We know speaking in public is people’s number one fear. Perhaps not so much for Latter-day Saints who have been speaking and teaching since Primary, but, still, most of us are not professionals. I offer a few ideas for brush up.
Remember, the beginning of a talk sets the stage. It builds the expectations of the audience, establishes credibility. Spend time developing your opening. Give the audience a reason to listen rather than snooze. First impressions matter; plus, a good beginning allows you to get into the rhythm of your message.
Too many speakers start off with an apology or begin with a nervous giggle concerning the story of when or how the speaker was given his assignment. Both tactics lower listeners’ expectations, but listeners particularly dislike apologies of insecurity. Instantly, listeners brace for… Well, they brace for less.
Now, the world won’t end when you have a rough start; however, hours of preparation are immediately downgraded, and you find yourself behind in efforts to be a credible message giver.
The best introductions begin with a loving greeting to the audience and words of gratitude for the opportunity.
Pay serious attention to body language. “Perk up” might be a good thought; laid back just doesn’t work. It’s okay to use gestures, but keep hands off your body; no wiping, scratching or hair adjustments, please.
Then, always, an appropriate story pulls the audience right in. If not a story, then start with the most powerful, poignant element of your talk; begin with strength.
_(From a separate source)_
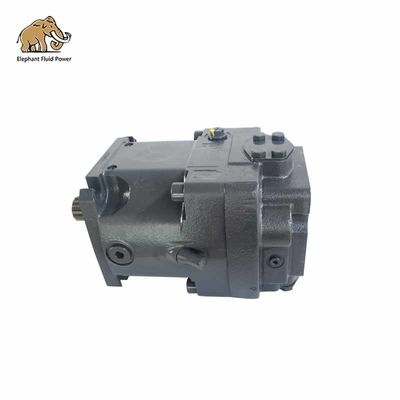 POMPA PISTON REXROTH AA11VO60DRS/10R untuk epillar 296-7683-02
Back up your power message with supportive details, using eye contact, then, as you’re wrapping up, refer to the high point again, and tie a bow around it. Lock it down. End with sincere testimony.
Notes are fine; but, don’t read your talk, if you can help it. Of course, reading is not always a no-no, especially if you’re new at speaking or doubt your memory (as I often do). But, stories are easy to remember. If you can tell it, don’t read it. If you read it, keep repeated eye contact with your audience.
Remember, children also are in your audience. Always add elements that speak directly to them.
In advance, time your talk (or your lesson), several times. To speak past your time is almost a sin and puts you out of integrity with other speakers and your audience. In my book, the time-crime is egregious and avoidable.
Most of all, be real, even if you break all the rules (except, never, ever keep chewing gum in your mouth during a talk.) Be pleasant, look into the eyes of your ward friends. Good luck. Improvements are worth it—for everyone.